Porque esta cruz de ceniza que el miércoles se trazó sobre la frente de quienes fueron a la Basílica del Señor está hecha, no sólo con las ramas de olivo del pasado Domingo de Ramos, sino con las peticiones que los sevillanos hacen al Gran Poder introduciendo un papelito bajo la peana del Muro de las Lamentaciones de Sevilla. ¿Qué sé yo, qué sabe nadie de qué dolores y soledades vienen estas personas, en qué circunstancias y bajo qué apremio fueron escritos estos papelitos? ¿Quién puede pesar o medir el dolor, el miedo, la angustia para los que se pide remedio o siquiera fuerzas para soportarlos?

Cada vez que el Señor deja su malecón de mármol rojo al que tantos acuden buscando puerto seguro, aparecen los papelitos con estas peticiones.
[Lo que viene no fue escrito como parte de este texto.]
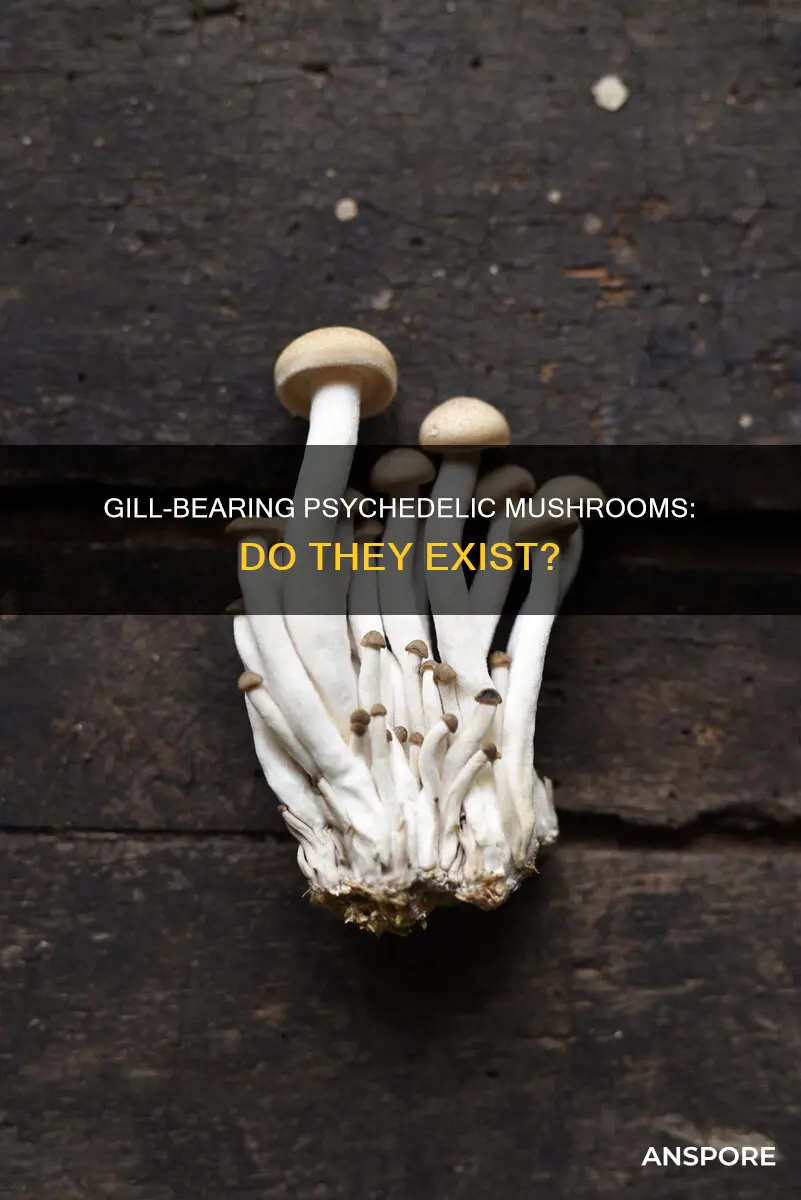 is there gilled psychedelic mushrooms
Quedan expuestos, indefensos, guardando lo que únicamente al Señor se le puede decir y sólo Él debe conocer. ¿Qué hacer con ellas? ¿Tirarlas? No, desde luego. ¿Quemarlas? Es lo más respetuoso. Como se hace con las estampas de las sagradas imágenes. Pero a alguien se le ocurrió algo más en consonancia con el espíritu de San Lorenzo. Guardarlas en una cajita y quemarlas con las secas ramas de olivo del Domingo de Ramos para convertirlas en la ceniza que se impone en el umbral de la cuaresma. La idea la tuvo el mismo que desde que murió Chicote, un servidor del Señor que ayudaba en las faenas más modestas, pone unos claveles en el lugar que siempre ocupaba bajo la rampa por la que el Gran Poder baja a Sevilla. No a otro se le podía ocurrir convertir las peticiones de los devotos en una cruz de ceniza. Se llama Miguel Martín. A él tal vez no le guste que se sepa, porque como todos los hombres buenos es discreto; pero a mí me apetecía contarlo esta semana, precisamente esta semana -él sabe por qué-; y hoy, precisamente hoy, primer viernes de cuaresma en San Lorenzo.